Nirvana To Afghanistan
Veteran: Jason Everman
Artist: Michael Koulermos
Writer: Margaret Mandell
It was the late 80’s and the music scene was exploding in Seattle. Nirvana was still in its infancy when musician, Jason Everman, auditioned and got the gig as second guitarist. That he had $606.17 to record Nirvana’s first album didn’t hurt his chances either.
The gig was short lived. According to his band mates, he was too “introverted”.
He wasn’t exactly fired but it was understood by Everman and the other band members he wouldn’t be joining them on their next tour.
He wound up playing bass for another Seattle band, Soundgarden. Although he loved playing with them, it didn’t work out either and Everman was fired for “moodiness”.
So he put down his bass, bought a one way ticket to New York City, walked into an army recruitment office in Times Square and a few weeks later was enduring brutal, heave-inducing drills at Fort Benning in Georgia.

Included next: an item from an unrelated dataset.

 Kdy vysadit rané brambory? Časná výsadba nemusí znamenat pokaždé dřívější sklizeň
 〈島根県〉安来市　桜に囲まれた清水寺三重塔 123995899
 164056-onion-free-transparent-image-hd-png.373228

Gone was the nose ring and long, strawberry blond curls. In their place was a determined young man who excelled at the rigors of army life.
Quite a change from the grunge scene in Seattle. But Everman was determined not to be left behind this time. He became a member of the elite Special Forces. Deployed to Afghanistan and Iraq, Everman saw and experienced all the horrors of war.

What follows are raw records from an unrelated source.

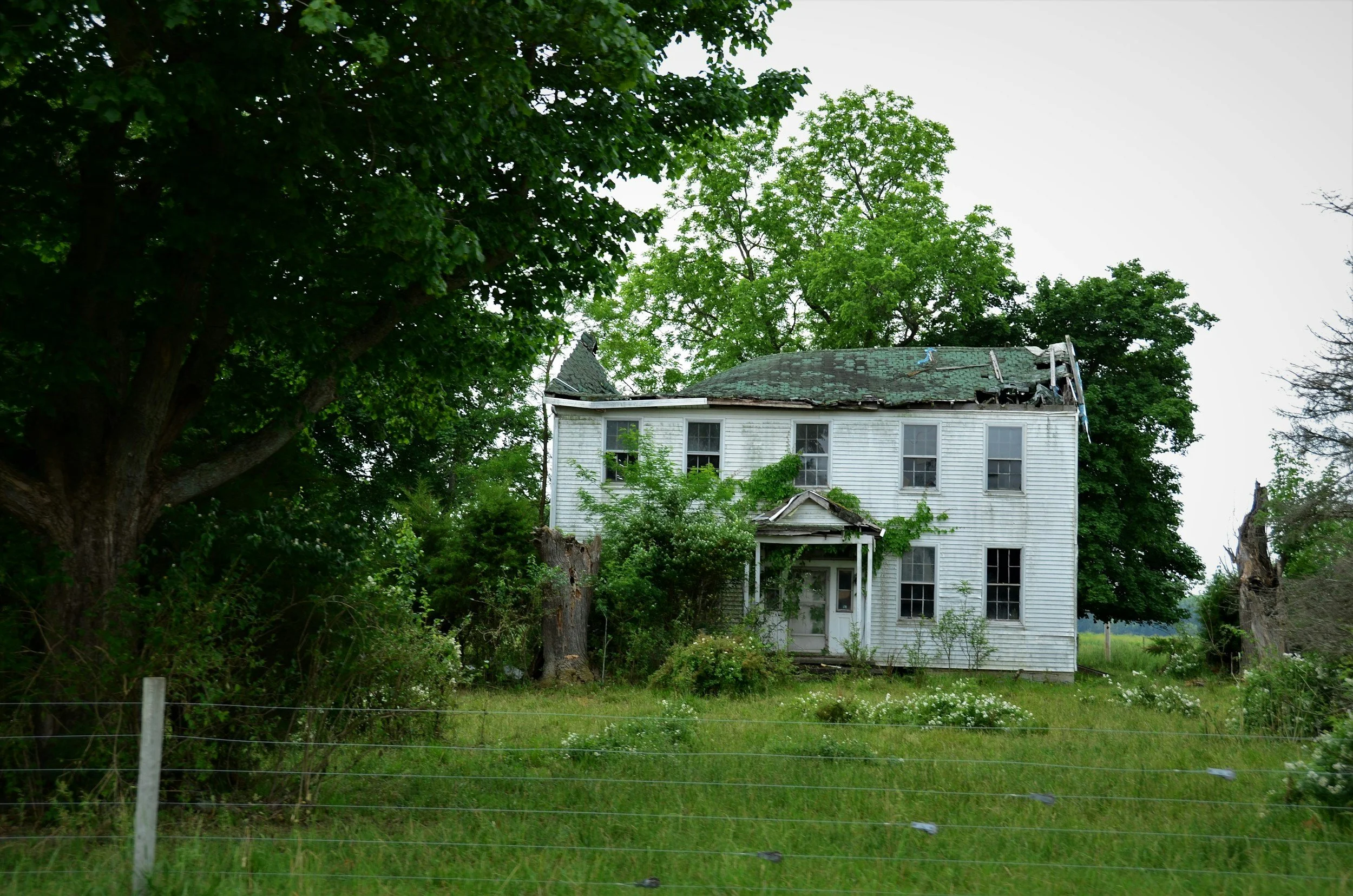 An old, abandoned house with broken roof and overgrown yard, surrounded by trees and overgrown grass.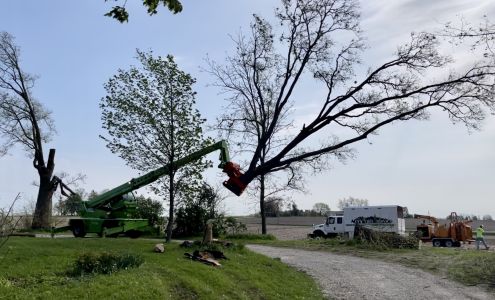 Cy's Tree Service 9569 US-151, Anamosa Iowa 52205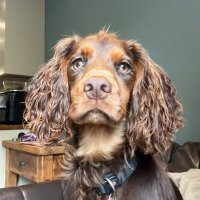 Amy Morgan (@amymorgan23) 's Twitter Profile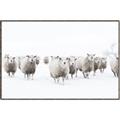 Picture of Sheep Party _GroupedProduct_Rectangle_Landscape_Photography _GroupedProduct_Rectangle_Landscape_Canvas_Framed_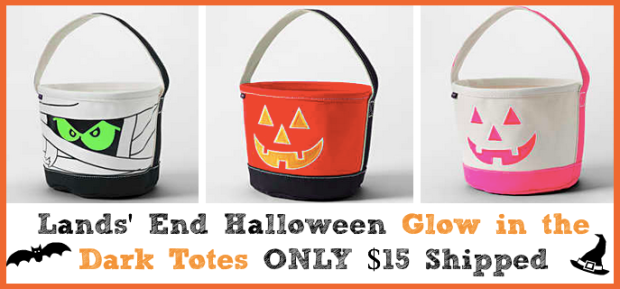 Lands' End Glow in the Dark Halloween Totes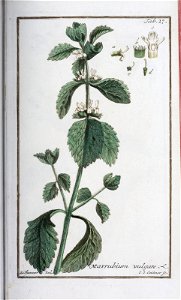n132_w1150
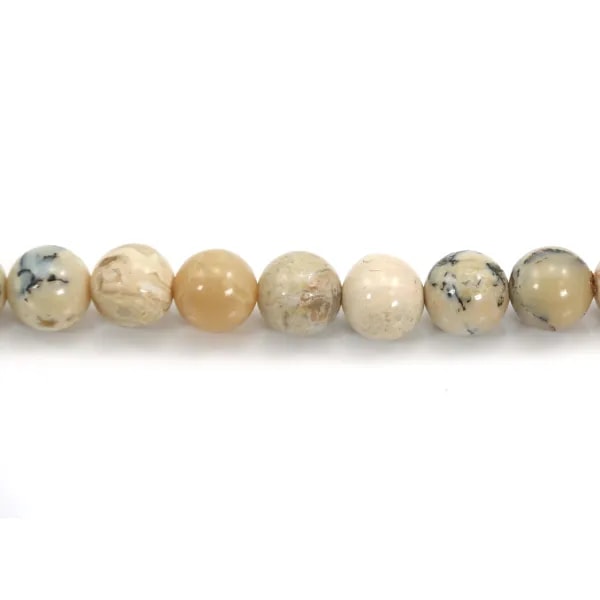 Africain opal round 8mm x 40cm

He came home with his weight in medals. But he rarely talks about those honors. It’s not his way.
In 2006, Everman left the military and was admitted to Columbia University where he earned a bachelor’s degree in philosophy. Today, he leads a quiet life in an A-frame cabin near the Puget Sound.
Some would say he had it all and walked away from it. Everman would disagree. The only thing he lost out on is $606.17.